[[ Provided information open ]]

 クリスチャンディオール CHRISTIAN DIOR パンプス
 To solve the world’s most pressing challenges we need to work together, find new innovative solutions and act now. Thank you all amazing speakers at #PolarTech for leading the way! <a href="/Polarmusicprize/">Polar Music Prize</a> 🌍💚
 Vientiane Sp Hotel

[[ Provided information closed ]]
[[ Provided information open ]]

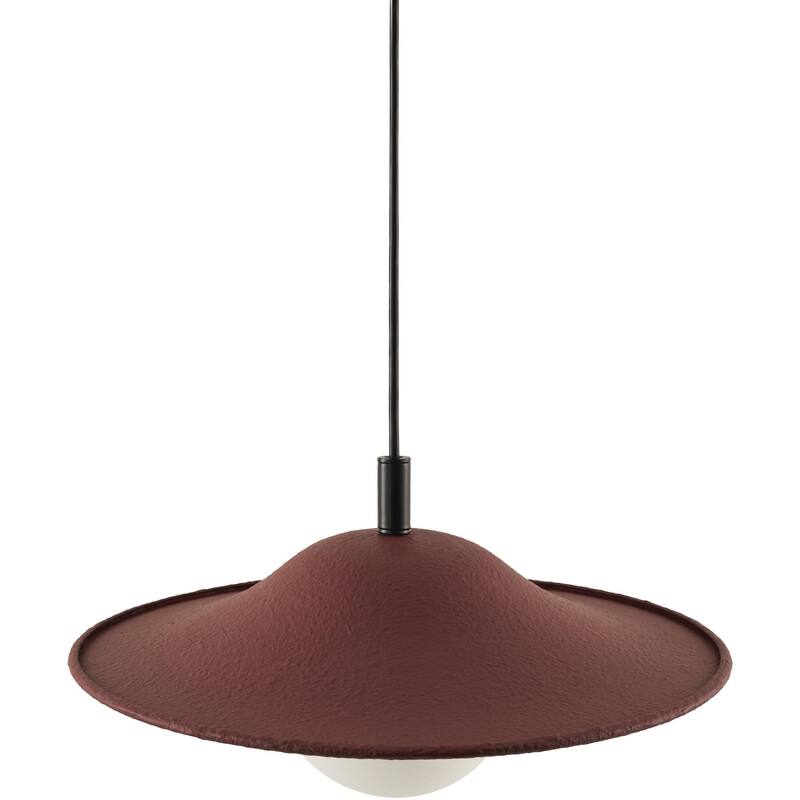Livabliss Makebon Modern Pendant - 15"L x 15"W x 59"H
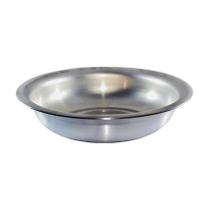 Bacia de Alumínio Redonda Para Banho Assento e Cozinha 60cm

[[ Provided information closed ]]

> **The task**
Above are the records. Print exactly, and only, the lines from the line with "To solve the" to the line with "Vientiane Sp Hotel", both inclusive.

> **Written answer**
 To solve the world’s most pressing challenges we need to work together, find new innovative solutions and act now. Thank you all amazing speakers at #PolarTech for leading the way! <a href="/Polarmusicprize/">Polar Music Prize</a> 🌍💚
 Vientiane Sp Hotel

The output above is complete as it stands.